## DATASET EXTRACT:
▬▬▬▬▬▬▬▬▬▬

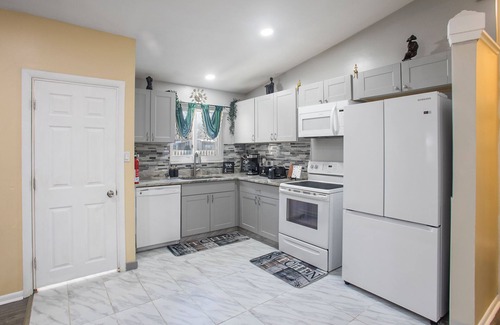Detroit House | 4 Beds 2 Bath Hot Tub & Adult Play Area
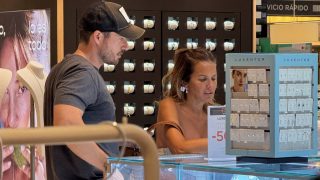Marta López y Alejandro Huerta de compras por Madrid. (Foto: Gtres)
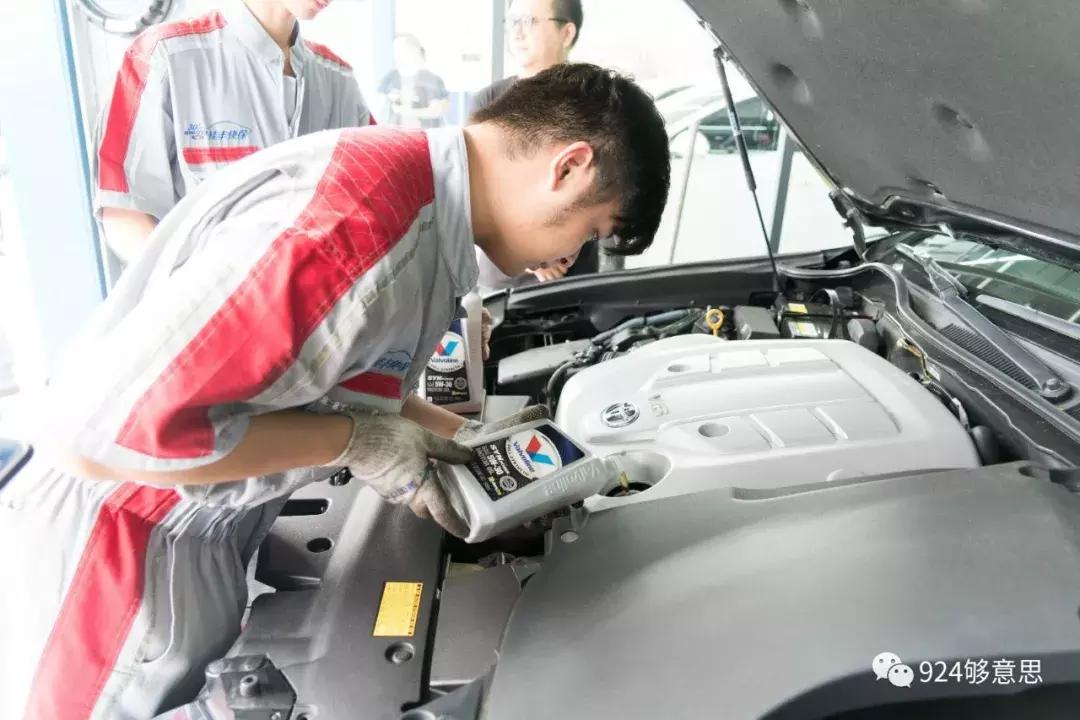 看到BoBoYoyo这样洗车和换机油，小肥肥瞬间凌乱了……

▬▬▬▬▬▬▬▬▬▬

## EXERCISE OBJECTIVE:
Retype word for word all the material given above, and keep the pictures out.

## OUTPUT FOR THIS EXERCISE:
Detroit House | 4 Beds 2 Bath Hot Tub & Adult Play Area
Marta López y Alejandro Huerta de compras por Madrid. (Foto: Gtres)
 看到BoBoYoyo这样洗车和换机油，小肥肥瞬间凌乱了……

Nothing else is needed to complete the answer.